Anne Mitchell recounts meeting fellow NCT member, Ruth Gamper Silver, for the first time. They remained close friends until Ruth recently passed away, leaving a special gift to future generations of mums
In 1988, Ruth, her husband, David, and baby son, Daniel, moved to Strawberry Hill, Twickenham, at the same time as I relocated with my husband, Mark, and six-month old son, Guy, to nearby Teddington.
After attending NCT coffee mornings and teas, Ruth and I both decided to become more involved with our local branch and attended a session on the same day. This was the first time we met. We started talking and I offered her and Daniel a lift home afterwards.
We started to met up frequently, for the boys to play together, to attend toddlers’ music sessions and days out with our respective husbands, once on a steam train (the boys were both keen Thomas The Tank Engine fans).
To our great surprise and delight we became pregnant again at the same time and attended the same NCT antenatal class. Ruth gave birth to Joshua just three weeks after I had Alasdair.
Soon after this David’s job was made redundant and a new post took him and the family to Geneva. It was important to both of us to keep in touch and Ruth and I exchanged news by phone, letter and later, email.
We stayed with each other many times, for holidays, to break up longer journeys and once for an unexpected stay due to a delayed flight! Ruth embraced life in Switzerland, becoming fluent in French and working first for the UN and then the canton, or state, of Geneva. She took huge interest in the local area and the whole family took part in a big parade for the millennium. She researched her Jewish roots and worked on her family tree.
In 2011 David’s job again took him away, transferring this time to Montreal. Ruth resigned her job and once more packed up the house and said goodbye to many friends. Daniel and Joshua, by now in their early twenties, chose to stay in Europe rather than moving to Canada, but visited frequently.

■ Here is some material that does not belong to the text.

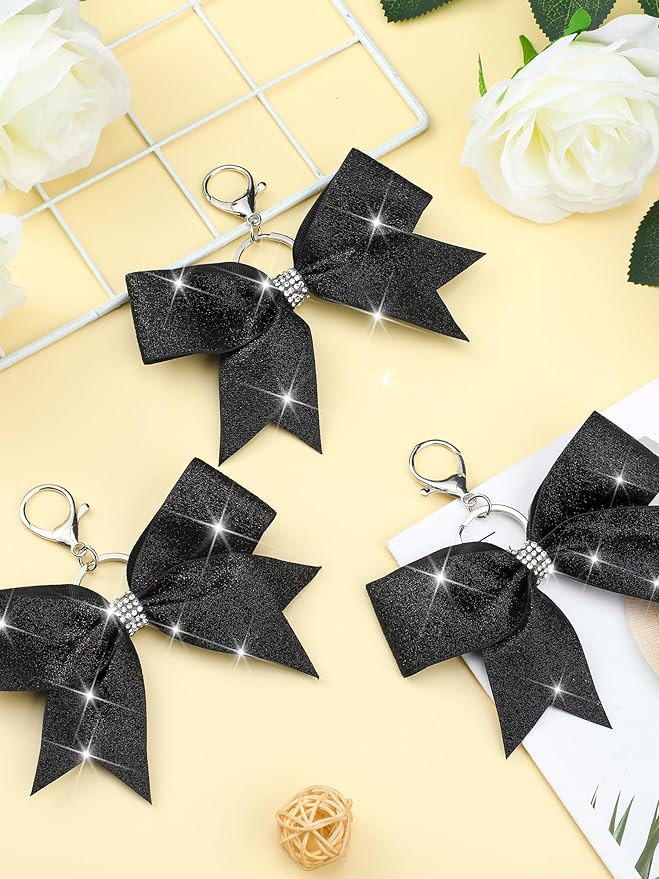 Tondiamo Cheer Bow Keychain Cheer Keychain with Rhinestones Cheerleader Keyrings for Teen Cheerleading Sports Accessory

Again, Ruth threw herself into life in a foreign country, only this time further away. She volunteered for a museum devoted to the history of Montreal, coordinated research projects into Jewish history and took on learning Hebrew (no mean feat I understand). Mark and I visited in 2014 and Ruth enthusiastically showed us around her new adopted city.
The arrival of Joshua’s two children brought Ruth great joy and she became a devoted and besotted grandmother.
It was during a visit from Joshua and his family that Ruth died unexpectedly, but peacefully, in her sleep at the age of 61.
Ruth was keen for NCT to be left money in the event of her death and I am pleased to be able to do this on her behalf. NCT introduced us and gave us a cause we both felt passionate about – the need for women to be able to make informed choices when giving birth.
We are so grateful for the donation that Ruth left us. It was a generous gift from a wonderful woman.